Moreover, providers who stay open to support essential workers in health care, grocery, transportation, and other critical industries often lack the resources necessary for additional cleaning supplies, staff hazard pay, substitute teachers, paid sick leave, and health-related training. For frontline workers, child care is a necessity; they cannot continue to help the rest of the nation cope with this public health crisis without it, and they shouldn’t have to worry about whether they can afford it.

Further, other families may lose their jobs or be forced to reduce their hours as a result of this crisis, impacting their income and financial security. These same families should not be forced to pay for child care during this time when their finances are stretched so thin. Simultaneously, providers should not be expected to make up the difference between what families can pay and what it costs to care for children.

Therefore, Congress must act immediately to provide at least $21.070 billion in child care funding to states to address these needs in the third stimulus package. The money should be used for the following:

  • Pay providers to cover their ongoing operating costs when they are closed so their financial security, and the security of educators they employ, is not threatened. This must include centers as well as home-based providers and other subsidized, informal care arrangements.
  • Eliminate copayments or tuition for families during this crisis and ensure that providers are still paid the full amount for that enrolled slot.
  • Provide paid leave for educators and provide funding to providers to fully cover this cost.
  • Find and pay for substitute educators, where needed and when available.
  • Provide higher levels of compensation such as hazard pay for child care providers and educators serving children of frontline workers or operating for longer hours.
  • Help state or local agencies or other organizations keep track of child care programs that are closing and those that have available slots, in order to identify child care providers that may need assistance and to match supply and demand.
  • Purchase materials for providers that cannot afford or even find supplies on their own.
  • Pay for staff at call centers and child care resource and referral agencies to respond to the needs of child care workers, including to assist them in offering guidance to the families they serve as they cope with the current crisis.
  • Provide training and medical support for child care providers on health and safety practices in response to the virus, available in all relevant languages.

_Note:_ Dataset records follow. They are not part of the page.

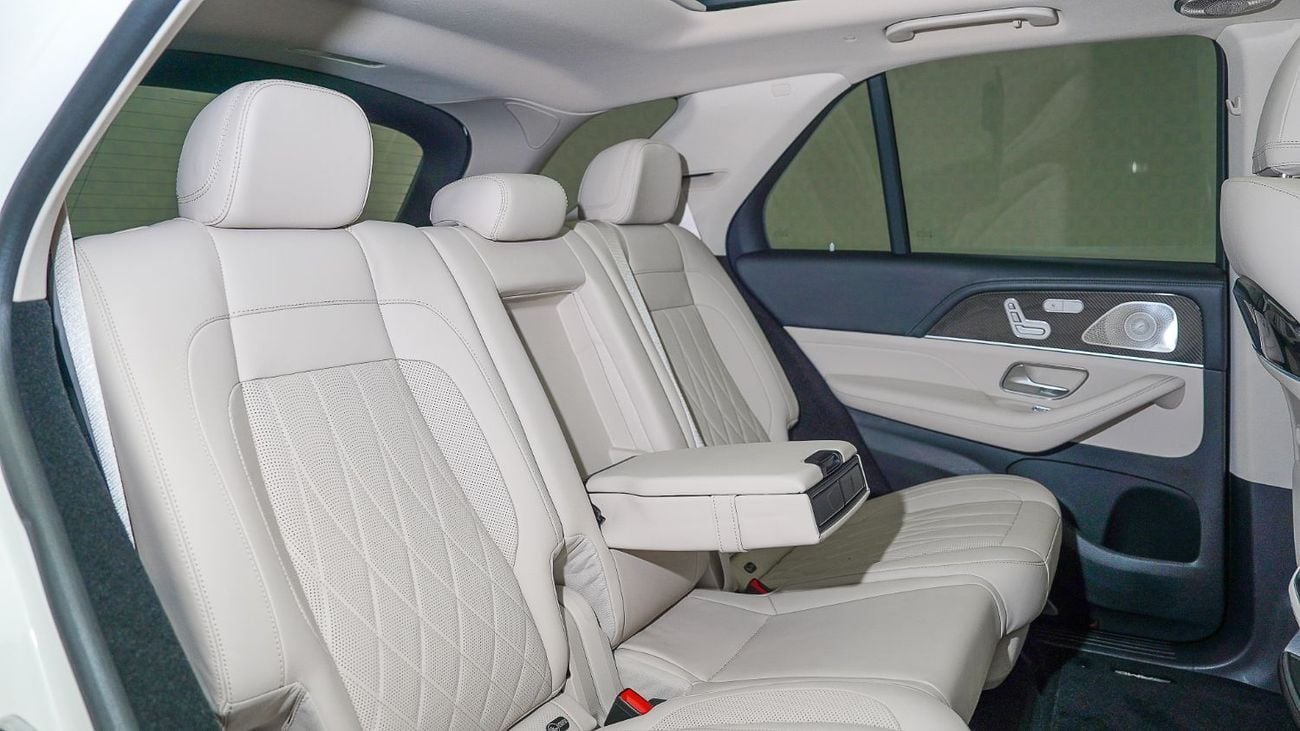 مرسيدس بنز GLE 63 S AMG | AED 5,398 PM | Low KM, Up to 3 Years Warranty Service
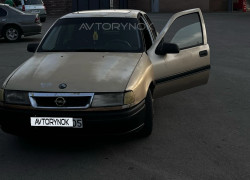 Opel Vectra 1991 года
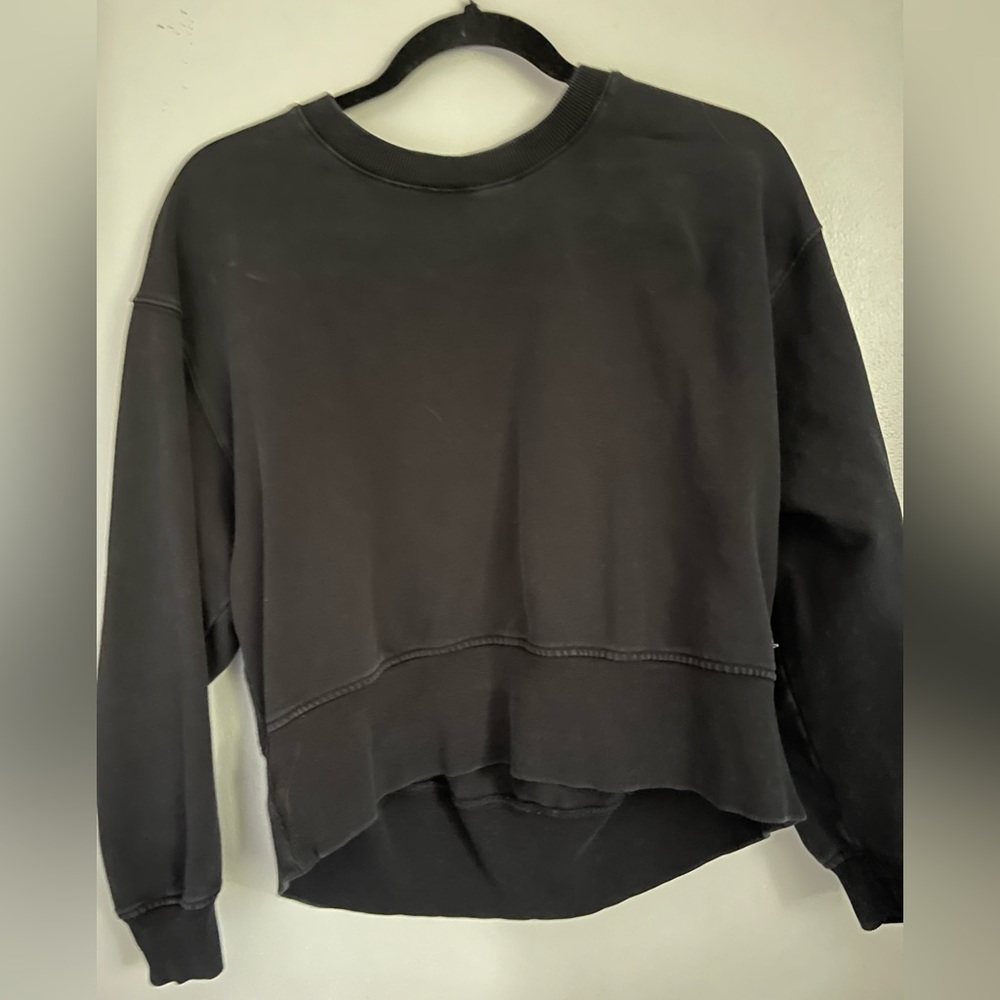 comfy crew neck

In addition, the third stimulus package should include expanded paid leave, unemployment insurance, cash payments, housing assistance, and other supports for families and communities. The supports should be designed so that all child care providers and educators, whether in centers, home-based providers, or other subsidized, informal care arrangements, can participate and take advantage of the benefits.

These investments are essential to mitigate the impact of the public health crisis now, but are also critically important for our eventual recovery. Unless we act now, our child care system will be irreparably harmed.